In the glacial waters of the Lofoten archipelago in Norway’s far north, Angelita Eriksen uses a knife to cut a handful of seaweed that will soon end up in a fancy European eatery. “We have the cleanest and clearest waters in the world. We’re very lucky that we have this really important resource growing right outside our doorstep,” Eriksen told AFP in a cabin on the shores of the northern Atlantic Ocean where the seaweed is laid out to dry.

“We want to show that to the world.”

The daughter of a Norwegian fisherman, Eriksen joined forces with New Zealand-born Tamara Singer, whose Japanese mother served seaweed with almost every meal, to start the company Lofoten Seaweed -- specialising in harvesting and preparing seaweed for the food industry.

With the help of six others, they hand-pick 11 tonnes of seaweed a year, the snow-capped mountains plummeting into the sea behind them in a dramatic tableau. It’s a demanding and “physical job”, said Eriksen. The peak season runs from late April until June, but “we harvest the dulse, the nori and the sea truffle in the winter and fall”.

“It can be quite cold, as we can stay out for about an hour along the shore”, with lower legs and hands submerged in the chilly water. By “late May, I’m actually sweating in my suit”.

One time, she said, “I took my glove off and the steam was just rising up”. “It’s physically hard but at the same time it’s very meditative, or therapeutic in a way, to harvest,” she says.


Truffle seaweed, winged kelp, nori, dulse, sugar kelp, oarweed kelp: the pair focus on about 10 types of seaweed, long eaten in Japan and increasingly popular in Europe for their nutritional qualities. The seaweed is sold locally or shipped to gourmet restaurants in Norway and the rest of Europe.

The two women organise workshops to teach chefs about the different varieties and the qualities of each type.

“Seaweeds are like vegetables, they have their own texture, taste and colours,” says Singer.

She said it was a “huge surprise” how many European chefs had little or no knowledge of the different flavours and ways of preparing seaweed. The duo have worked with Japanese chefs “who know exactly what to do, you don’t have to tell them anything”.

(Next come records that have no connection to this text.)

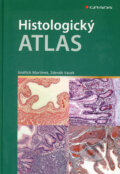 Kniha: Histologický atlas (Jindřich Martínek a Zdeněk Vacek). Grada, 2009 Kniha: Histologický atlas (Jindřich Martínek a Zdeněk Vacek). Grada, 2009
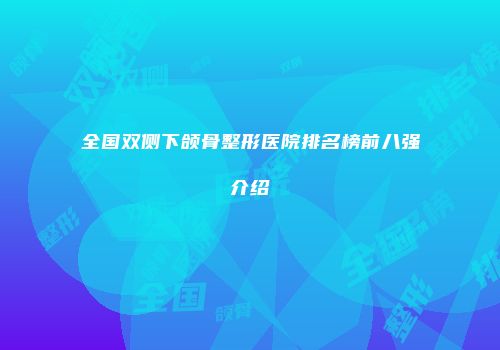 全国双侧下颌骨整形医院排名榜前八强介绍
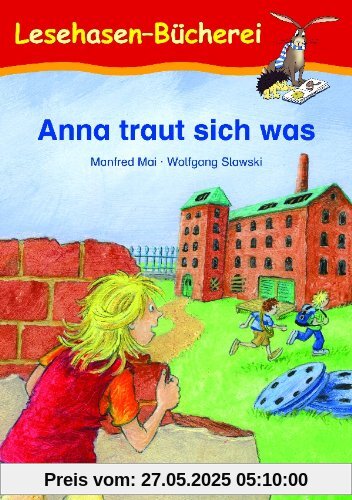 Anna traut sich was: Schulausgabe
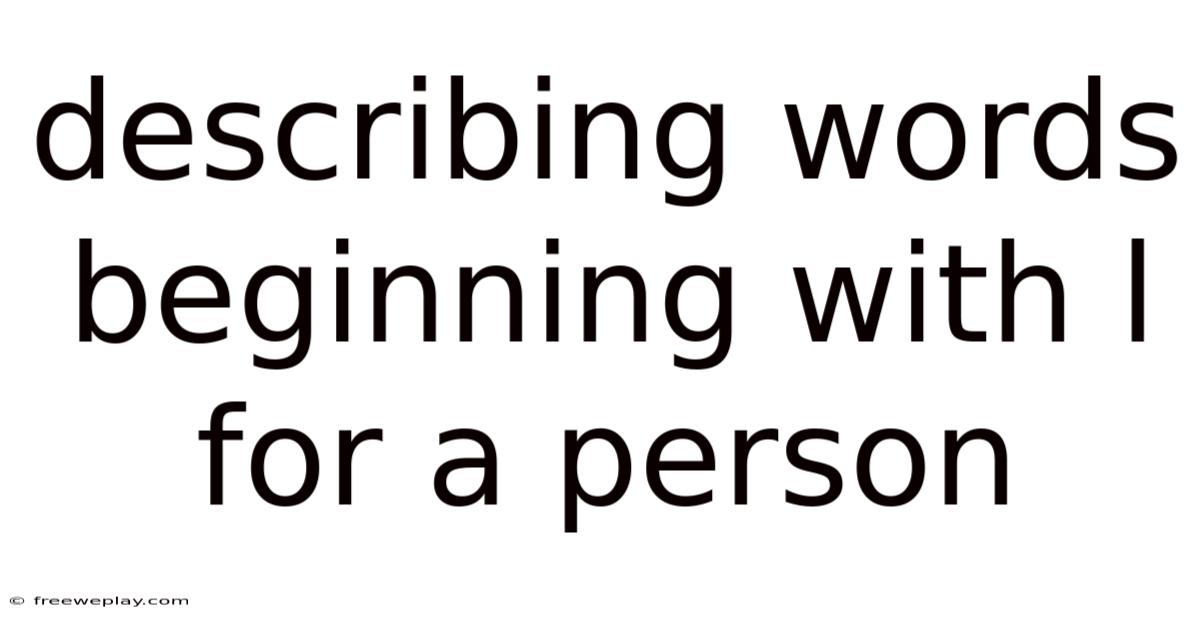Describing Words Beginning With L For A Person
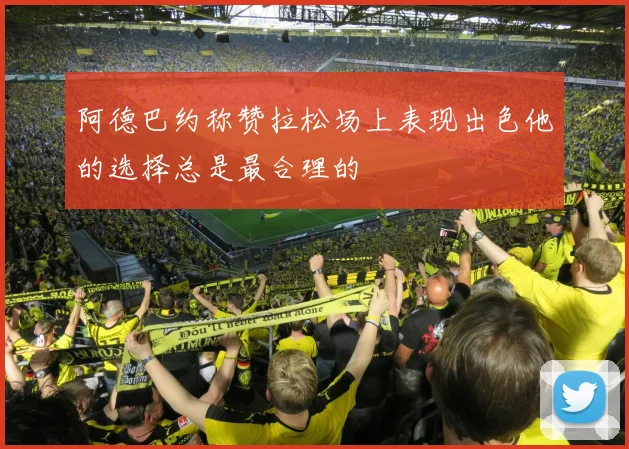 阿德巴约称赞拉松场上表现出色他的选择总是最合理的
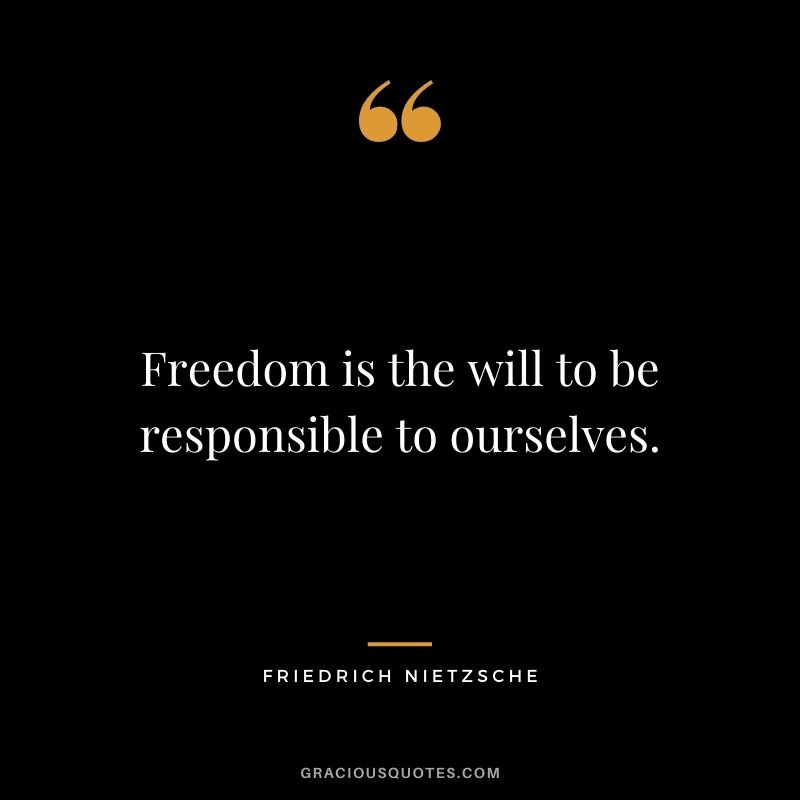 Freedom is the will to be responsible to ourselves. - Friedrich Nietzsche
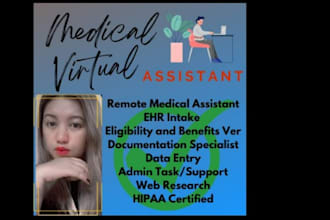 be your virtual medical assistant or healthcare assistant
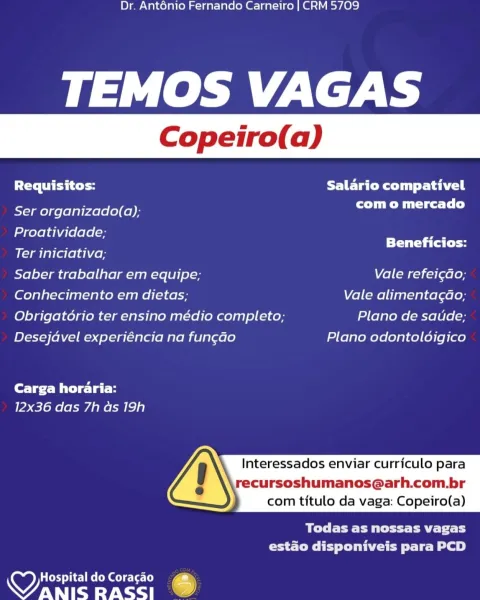 Dr. Anténio Fernando Carneiro | CRM 5709

TEMOS VAGAS

Requisitos: Salario compativel

Ser organizado(a); com o mercado

Proatividade;

Ter iniciativa; aches hes
Saber trabalhar em equipe; Vale refei¢do;
Conhecimento em dietas; Vale alimentagao;
Obrigatorio ter ensino médio completo; Plano de saude;
Desejavel experiéncia na fun¢ao Plano odontolodigico

Carga horaria:
12x36 das 7h as 19h

Interessados enviar curriculo para

recursoshumanos@arh.com.br
com titulo da vaga: Copeiro(a)

 

Ble Pett Past 1
estado disponiveis para PCD

HospitaldoCoragao 4
aes RASSI % Dr. Anténio Fernando Carneiro | CRM 5709

TEMOS VAGAS

Requisitos: FETE CeO Tail

Ser organizado(a); com o mercado

Proatividade; ae

Pa Ra Beneficios:
Ter iniciativa;
Saber trabalhar em equipe; Vale refei¢ao;
Conhecimento em dietas; Vale alimentagao;
Obrigatorio ter ensino médio completo; Plano de satide;
Desejavel experiéncia na fungao Plano odontoldigico

Carga horaria:
12x36 das 7h as 19h

Interessados enviar curriculo para...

“It’s just so natural for them. It’s like giving a piece of fish to a North Norwegian,” says Singer. Some 20 kilometres (12 miles) away, chef Josh Wing has been serving the pair’s products in his high-end restaurant Hattvika Lodge for about five years.

He is well versed and does not need to take part in their workshops anymore. Wing is particularly fond of the dulse, a “very delicate purple seaweed”, which he serves with local fish dishes or bread. It “can provide a physical texture in a dish that you can’t get from other products”, he tells AFP.

To ensure that their business is sustainable, Eriksen and Singer have mapped and dated their harvest sites, as well as the volumes of each species, for the past four years.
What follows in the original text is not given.